Cindy McTee
Circuits
Symphony No.1: Ballet for Orchestra
Einstein’s Dream
Double Play
Detroit Symphony Orchestra
Leonard Slatkin

Recorded between June 2010 and May 2012 in Orchestra Hall, Max M. Fisher Music Center, Detroit
CD No: NAXOS 8.559765
Duration: 67 minutes
Reviewed: December 2013
It’s good to once again hear Cindy McTee’s Circuits (1990) – Leonard Slatkin included it in a Philharmonia Orchestra (London) concert some years ago and it made and left an impression. Heralded by some industrial percussion, the orchestra is put through its paces in this five-minute outing – a miniature stuffed with notes! – in music full of unstoppable energy and hip-swinging rhythms. The Detroit Symphony Orchestra and its maestro are totally on top of this thrilling ride, which only stops when it hits the buffers with a bang, and the sound quality is exemplary.
The rest of the pieces are new to your reviewer, each one as dedicatedly performed and as vividly recorded as the brilliant opener. In her Symphony No.1: Ballet for Orchestra (2002), McTee (born in 1953) opens with an arresting idea, the Symphony’s first movement – ‘On with the Dance’ – full of rhythmic guile, some jazzy bass pizzicatos, a contrabassoon solo, and a magnetic build-up of emotion. There are four movements to this 30-minute Symphony, the slow one – ‘Till a Silence Fell’ – following without a break, intense, eloquent and touching nerves, and finding the DSO strings rich-sounding and compassionate. Those familiar with Ravel’s La valse will have no problem spotting its ghostly appearances in the next movement, ‘Light Fantastic’, a sinisterly witty number that seems gone before it starts, and after a short pause the finale, ‘Where Time Plays the Fiddle’, explodes into action and includes a ‘big band’ turn as part of its eventually-frenetic journey. McTee candidly reveals that the Symphony includes references to other music, not just Ravel, but by Beethoven, Barber, Penderecki, and Stravinsky; indeed, the emphatic three-chord motif that ends the work (and begins it, for that matter) might be heard as a big shout-out for “Rite of Spring”.

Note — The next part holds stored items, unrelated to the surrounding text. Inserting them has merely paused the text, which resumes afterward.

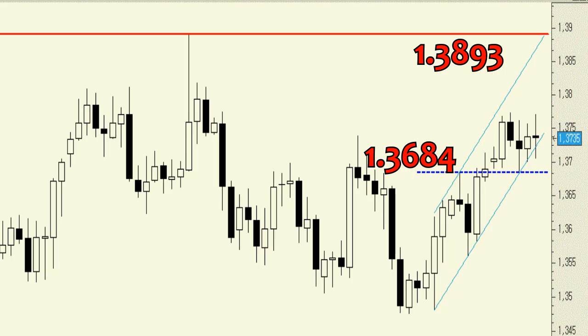On the other hand, a move below that level would be a primary bearish signal that could trigger a further decline towards 1.3630, which would be the 50% retracement of the February 13th candlestick.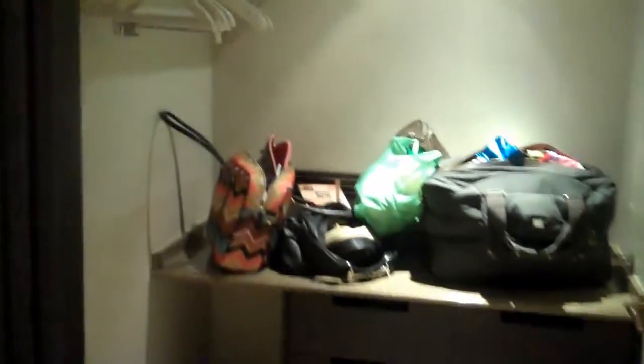Hey guys, so this is my room at the Four Seasons in Marrakesh and I just want to show you — this is very luxe. This is an enormous readjustment to the first world after a lot of time in the third world. So ignore all my stuff, but this is the huge walk-in closet.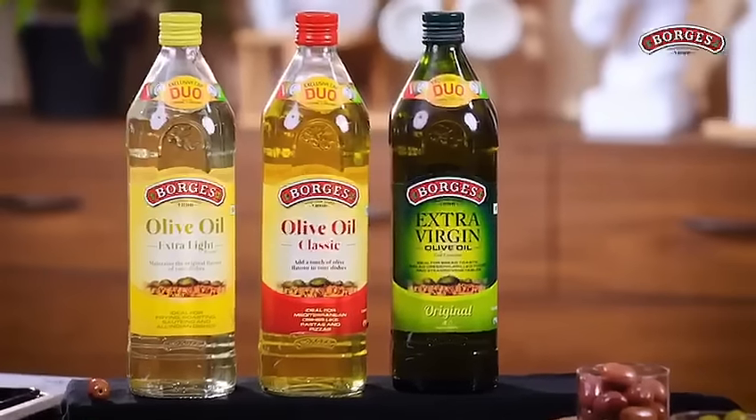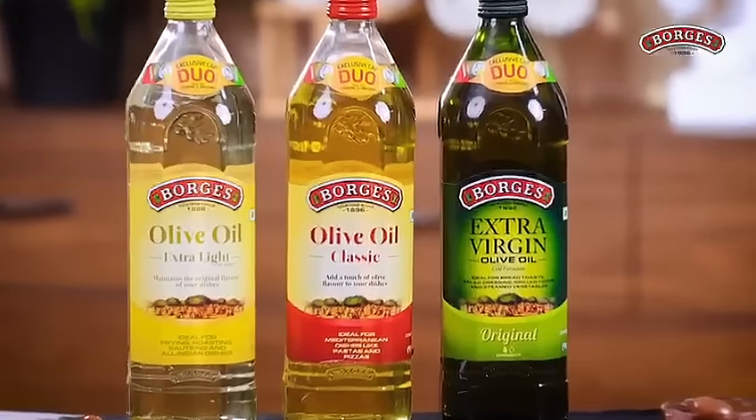Boj's olive oil has 3 different kinds of oils: extra virgin oil, classic oil, and extra light oil.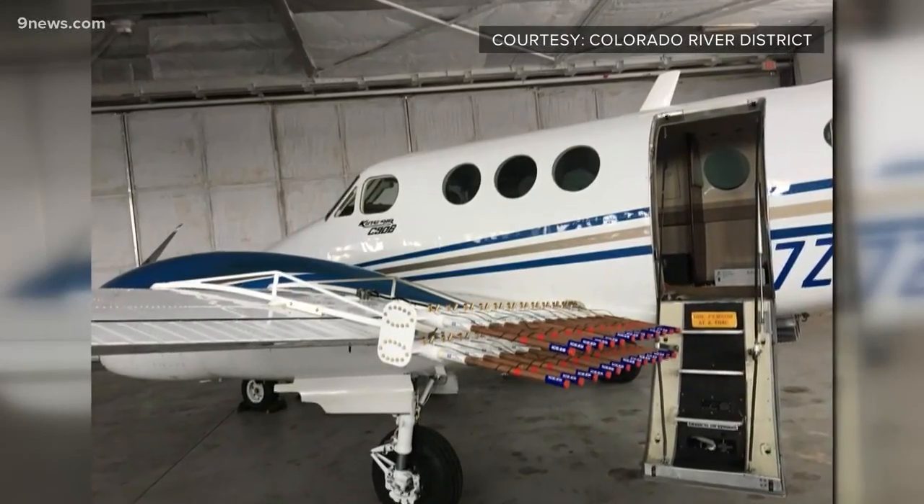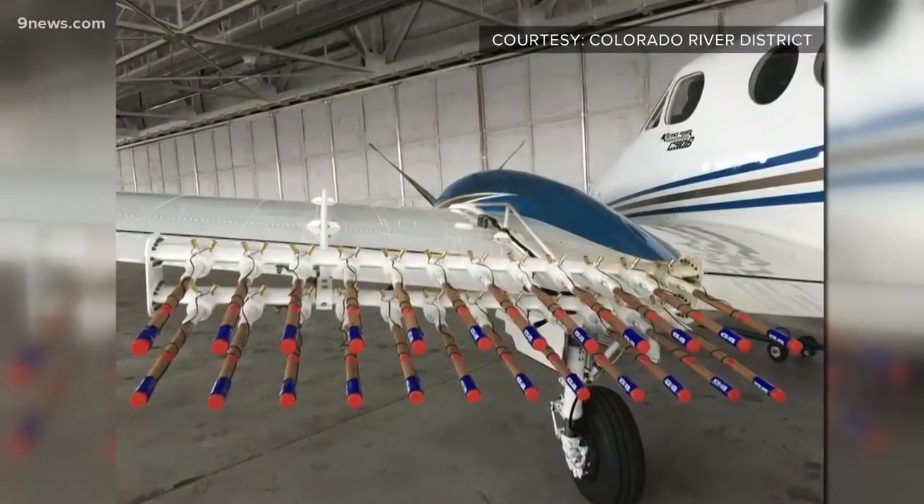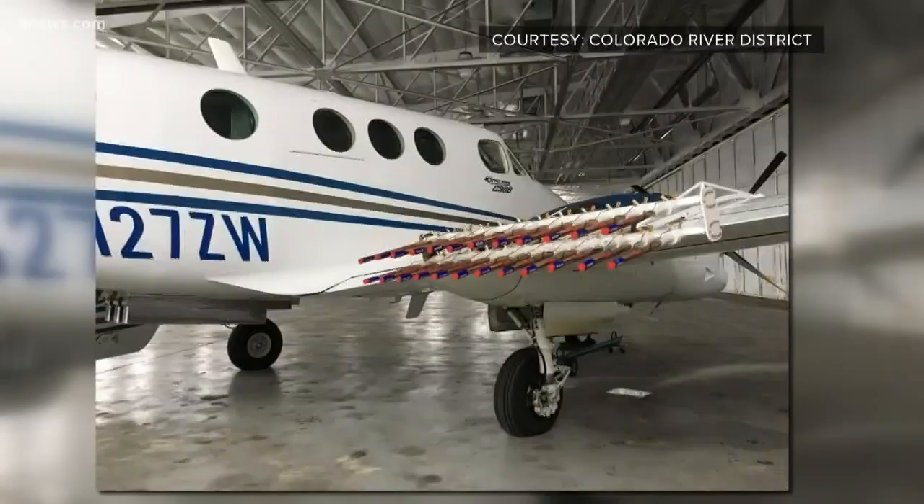Colorado could use more snow, and water district workers are turning to new methods to try and create it. Jackson County is becoming the first in the state to test aerial cloud seeding. The Jackson County Water Conservancy District is working with the Wyoming Water Development Office to bring this cloud seeding method to our state.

Einstein’s Dream (2004) is scored for “string orchestra, percussion, and computer music on CD” and opens with jingles that might indeed reflect Einstein’s contemplation of “space and time” and introduces a Bach chorale that is given with all the opulence of a Stokowski arrangement. Over 14 minutes the listener is beguiled (if not always understanding why) by paranormal flickers and customary tones, not least a romantic solo for violin. In the two movements of Double Play (2010), the first turns a certain piece by Charles Ives on its titular head to give an ‘Unquestioned Answer’, McTee initially lulling the listener into a false sense of security before unleashing stentorian Ruggles-like brass chords (don’t miss his Sun-Treader if it comes your way), the music at its close interrupted by percussive clip-clops, the sound of time marching on as ‘Tempus Fugit’ is introduced, fast-paced, fractious and borrowing something a little fishy from the conductor (McTee's booklet note explains my play on words) before driving to the finishing post with tutta forza, the DSO playing like demons.
All in all, this enjoyable collection is a notable inclusion in Naxos’s “American Classics” series.